Data quality is the evaluation of the information held by an organisation and to what degree it serves its collection purpose. In short, how well the information does its job. In local government, the job expected of the data it holds has changed over the last decade. Technology has increased customer service expectations and councils' drive to meet those expectations has driven the demand for more "joined-up" thinking across departments and better data quality.

In days gone by council departments often operated as semi-autonomous organisations and maintained "silos" of information. If a customer wanted information on their council tax they had to phone the council tax department. If they wanted information on their planning application they had to phone the planning department.

With the rise of the internet, customers increasingly expect to access their information online. And navigating department ping-pong is no longer acceptable.

Simultaneously with these technological developments has been an increasing expectation within the business of what can be done with the data held by the authority as well as financial pressures to increase efficiencies and reduce duplication of effort. Learning from private industry council leaders expect to be able to mine the authority's data to better understand their customers and develop policies to meet their needs.

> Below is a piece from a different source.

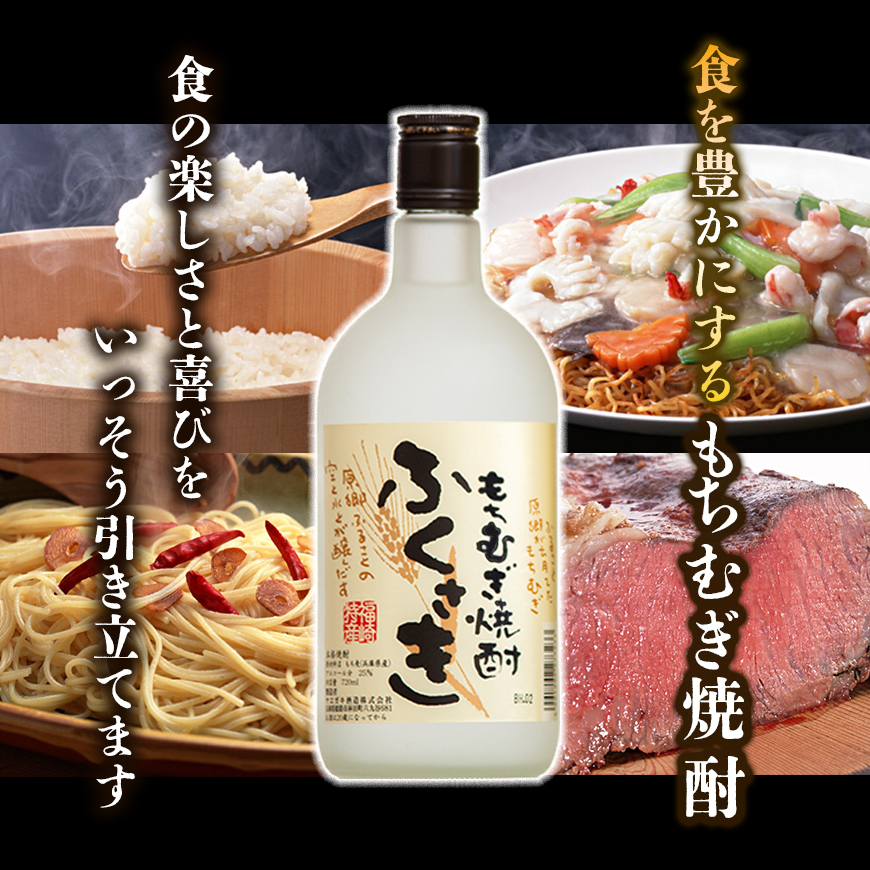 お正月を福崎ふるさとお酒2本セット（純米吟醸酒1本＋もちむぎ焼酎1本）で祝おう！（元日に届くガジロウ直筆年賀状付き）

At the same time council budgets have been declining rapidly under central government budgetary pressure. The need to do more with less has prompted the search for savings in the internal processes of the organisation. Duplication of effort in the various data silos across authorities' departments has been a common target for efficiency savings. In the past, for example, it has not been uncommon for many departments to maintain their own separate (and often incompatible) address databases. It makes obvious sense to manage address data within a single location and give departments the ability to look-up and validate address data from this single point of entry.

Meeting Data Quality Goals - Data Quality Management

Data quality management is defined as the management of people, processes, technology and data within an organisation. The goal is a to continually access and measure data quality and ensure it is meeting the needs of the organisation.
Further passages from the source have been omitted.